Task goal —
Lines to restate from the data below: from the one containing "Fun PURPLE Abstract" to the one containing "Imagem de Lápis", both included. Give them again exactly, and only them.

------------------------

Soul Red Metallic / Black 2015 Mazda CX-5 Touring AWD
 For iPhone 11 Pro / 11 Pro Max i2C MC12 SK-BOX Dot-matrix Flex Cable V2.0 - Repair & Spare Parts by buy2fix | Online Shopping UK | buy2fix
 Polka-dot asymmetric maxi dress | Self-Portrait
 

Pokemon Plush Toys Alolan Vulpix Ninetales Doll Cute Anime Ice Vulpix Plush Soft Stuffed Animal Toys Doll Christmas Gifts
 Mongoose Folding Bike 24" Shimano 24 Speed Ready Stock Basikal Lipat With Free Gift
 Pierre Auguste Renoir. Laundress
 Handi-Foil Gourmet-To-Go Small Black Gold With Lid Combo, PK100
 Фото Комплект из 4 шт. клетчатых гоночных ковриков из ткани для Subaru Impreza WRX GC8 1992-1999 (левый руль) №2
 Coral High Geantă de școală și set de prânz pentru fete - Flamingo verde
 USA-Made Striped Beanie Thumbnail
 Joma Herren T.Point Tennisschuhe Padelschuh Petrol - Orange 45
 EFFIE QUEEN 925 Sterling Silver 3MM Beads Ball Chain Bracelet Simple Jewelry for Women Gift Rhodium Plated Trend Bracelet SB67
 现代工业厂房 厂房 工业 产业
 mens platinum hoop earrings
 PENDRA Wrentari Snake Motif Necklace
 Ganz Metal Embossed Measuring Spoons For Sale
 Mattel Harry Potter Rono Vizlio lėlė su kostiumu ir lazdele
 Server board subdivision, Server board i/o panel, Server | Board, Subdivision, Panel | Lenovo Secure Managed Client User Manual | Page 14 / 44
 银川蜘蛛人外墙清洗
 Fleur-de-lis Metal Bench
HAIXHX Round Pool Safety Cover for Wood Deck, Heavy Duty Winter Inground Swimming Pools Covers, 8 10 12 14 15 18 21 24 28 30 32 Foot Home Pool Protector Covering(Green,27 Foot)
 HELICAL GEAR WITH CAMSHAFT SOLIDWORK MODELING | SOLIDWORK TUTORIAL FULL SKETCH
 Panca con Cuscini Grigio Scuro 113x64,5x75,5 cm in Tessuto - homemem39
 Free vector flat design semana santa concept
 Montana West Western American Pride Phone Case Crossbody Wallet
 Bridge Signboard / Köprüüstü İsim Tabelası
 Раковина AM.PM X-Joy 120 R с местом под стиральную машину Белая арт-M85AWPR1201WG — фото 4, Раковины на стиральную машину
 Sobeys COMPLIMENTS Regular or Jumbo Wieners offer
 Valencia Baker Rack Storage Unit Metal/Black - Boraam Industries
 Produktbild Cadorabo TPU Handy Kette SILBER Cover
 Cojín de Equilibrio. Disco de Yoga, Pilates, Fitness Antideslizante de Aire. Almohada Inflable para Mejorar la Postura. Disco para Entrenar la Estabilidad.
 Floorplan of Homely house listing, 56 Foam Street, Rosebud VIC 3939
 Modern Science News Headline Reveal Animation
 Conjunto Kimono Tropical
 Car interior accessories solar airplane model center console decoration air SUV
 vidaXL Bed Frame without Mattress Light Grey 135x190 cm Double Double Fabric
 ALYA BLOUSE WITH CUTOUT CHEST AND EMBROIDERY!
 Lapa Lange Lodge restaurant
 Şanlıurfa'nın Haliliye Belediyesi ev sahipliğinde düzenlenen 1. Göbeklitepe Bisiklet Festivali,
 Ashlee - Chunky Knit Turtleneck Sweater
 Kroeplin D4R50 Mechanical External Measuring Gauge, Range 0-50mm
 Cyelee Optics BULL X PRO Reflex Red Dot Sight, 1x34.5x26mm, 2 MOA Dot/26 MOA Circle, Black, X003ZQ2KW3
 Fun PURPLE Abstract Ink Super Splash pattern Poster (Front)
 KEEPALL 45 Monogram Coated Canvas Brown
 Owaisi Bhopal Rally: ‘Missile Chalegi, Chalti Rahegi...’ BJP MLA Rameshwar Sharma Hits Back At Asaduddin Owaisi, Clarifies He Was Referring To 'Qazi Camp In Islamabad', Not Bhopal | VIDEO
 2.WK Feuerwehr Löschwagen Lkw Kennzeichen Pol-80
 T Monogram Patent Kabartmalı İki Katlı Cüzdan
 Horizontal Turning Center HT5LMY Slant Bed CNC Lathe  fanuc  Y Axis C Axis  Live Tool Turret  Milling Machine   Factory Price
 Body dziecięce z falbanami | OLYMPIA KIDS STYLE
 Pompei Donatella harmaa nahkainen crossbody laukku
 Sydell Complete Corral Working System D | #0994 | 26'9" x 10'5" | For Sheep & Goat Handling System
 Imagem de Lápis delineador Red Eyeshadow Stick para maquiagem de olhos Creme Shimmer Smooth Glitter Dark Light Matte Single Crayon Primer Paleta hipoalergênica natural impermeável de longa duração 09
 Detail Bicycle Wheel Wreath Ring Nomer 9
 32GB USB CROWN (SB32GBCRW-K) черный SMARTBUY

------------------------

Reply —
 Fun PURPLE Abstract Ink Super Splash pattern Poster (Front)
 KEEPALL 45 Monogram Coated Canvas Brown
 Owaisi Bhopal Rally: ‘Missile Chalegi, Chalti Rahegi...’ BJP MLA Rameshwar Sharma Hits Back At Asaduddin Owaisi, Clarifies He Was Referring To 'Qazi Camp In Islamabad', Not Bhopal | VIDEO
 2.WK Feuerwehr Löschwagen Lkw Kennzeichen Pol-80
 T Monogram Patent Kabartmalı İki Katlı Cüzdan
 Horizontal Turning Center HT5LMY Slant Bed CNC Lathe  fanuc  Y Axis C Axis  Live Tool Turret  Milling Machine   Factory Price
 Body dziecięce z falbanami | OLYMPIA KIDS STYLE
 Pompei Donatella harmaa nahkainen crossbody laukku
 Sydell Complete Corral Working System D | #0994 | 26'9" x 10'5" | For Sheep & Goat Handling System
 Imagem de Lápis delineador Red Eyeshadow Stick para maquiagem de olhos Creme Shimmer Smooth Glitter Dark Light Matte Single Crayon Primer Paleta hipoalergênica natural impermeável de longa duração 09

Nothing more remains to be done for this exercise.